The aim of our study was to evaluate detectability of bone metastatic lesions and evaluate the correlation between 18F-fluoride uptake patterns on positron emission tomography (PET) and morphologic changes on CT using integrated PET/CT.

Methods

We performed whole-body 18F-fluoride PET/CT staging for 27 patients with known cancer. Tumor types comprised breast (n = 7), prostate (n = 7), and others (n = 13). A total of 154 uptake lesions were evaluated. Both tracer uptake patterns determined by 18F-fluoride PET and morphologic patterns based on CT findings such as morphologic changes, involved locations, and grades scored using five-point scale were compared with histologic tumor subtypes and clinical laboratory data.

Results

CT patterns of metastatic lesion were lytic or unclassified in 26 lesions, sclerotic in 53 lesions, and mixed in 75 lesions.
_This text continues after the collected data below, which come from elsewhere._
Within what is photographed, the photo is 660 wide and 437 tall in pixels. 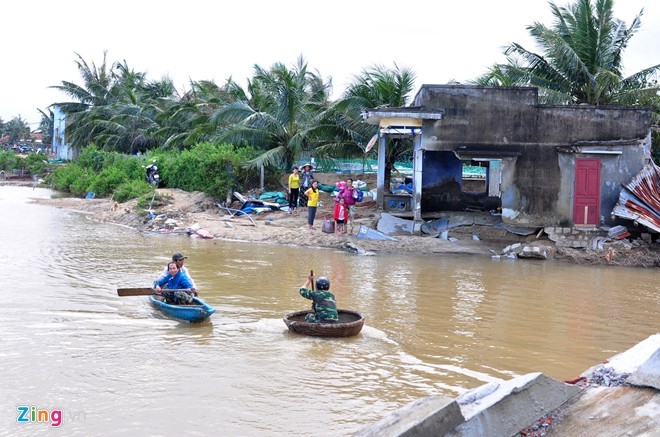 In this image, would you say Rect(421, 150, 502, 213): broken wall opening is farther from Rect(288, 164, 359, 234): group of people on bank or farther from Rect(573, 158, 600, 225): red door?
Rect(573, 158, 600, 225): red door

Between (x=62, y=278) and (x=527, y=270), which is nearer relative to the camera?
(x=62, y=278)

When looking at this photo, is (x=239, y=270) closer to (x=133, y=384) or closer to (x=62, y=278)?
(x=62, y=278)

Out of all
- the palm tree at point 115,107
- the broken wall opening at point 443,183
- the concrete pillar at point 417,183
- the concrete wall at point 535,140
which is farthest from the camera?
the palm tree at point 115,107

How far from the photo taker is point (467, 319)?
11844 millimetres

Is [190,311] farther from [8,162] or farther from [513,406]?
[8,162]

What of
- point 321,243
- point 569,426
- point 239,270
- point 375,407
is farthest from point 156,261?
point 569,426

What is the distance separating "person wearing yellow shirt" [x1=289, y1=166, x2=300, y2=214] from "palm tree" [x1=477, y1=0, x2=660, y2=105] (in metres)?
9.44

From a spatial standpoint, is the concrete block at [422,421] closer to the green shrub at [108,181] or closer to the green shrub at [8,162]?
the green shrub at [108,181]

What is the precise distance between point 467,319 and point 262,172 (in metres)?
15.7

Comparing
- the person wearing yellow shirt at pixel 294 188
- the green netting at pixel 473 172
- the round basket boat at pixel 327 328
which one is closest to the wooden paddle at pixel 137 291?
the round basket boat at pixel 327 328

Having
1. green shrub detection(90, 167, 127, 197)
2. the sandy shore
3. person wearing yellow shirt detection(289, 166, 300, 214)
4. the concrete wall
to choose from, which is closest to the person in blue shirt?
the sandy shore

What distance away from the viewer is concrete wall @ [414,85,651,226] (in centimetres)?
1947

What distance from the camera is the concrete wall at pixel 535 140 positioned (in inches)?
766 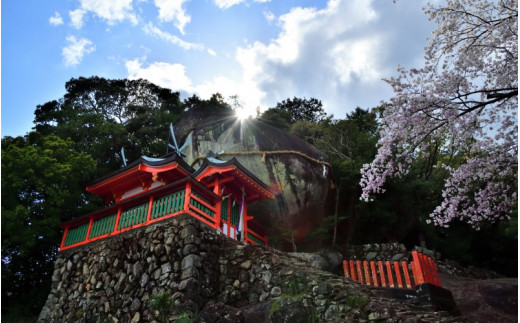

Multiple linear regression analysis revealed that metastatic bone lesions with high maximum standardized uptake value (SUVmax) tended to show sclerotic or mixed changes on CT (P < 0.0001), and were also distributed in bone cortex alone or both bone cortex and medulla (P < 0.0001).

Conclusion

In patients with bone metastasis, the lesions with sclerotic or mixed changes or located in bone cortex alone or both bone cortex and medulla tend to show high SUVmax on 18F-fluoride PET/CT.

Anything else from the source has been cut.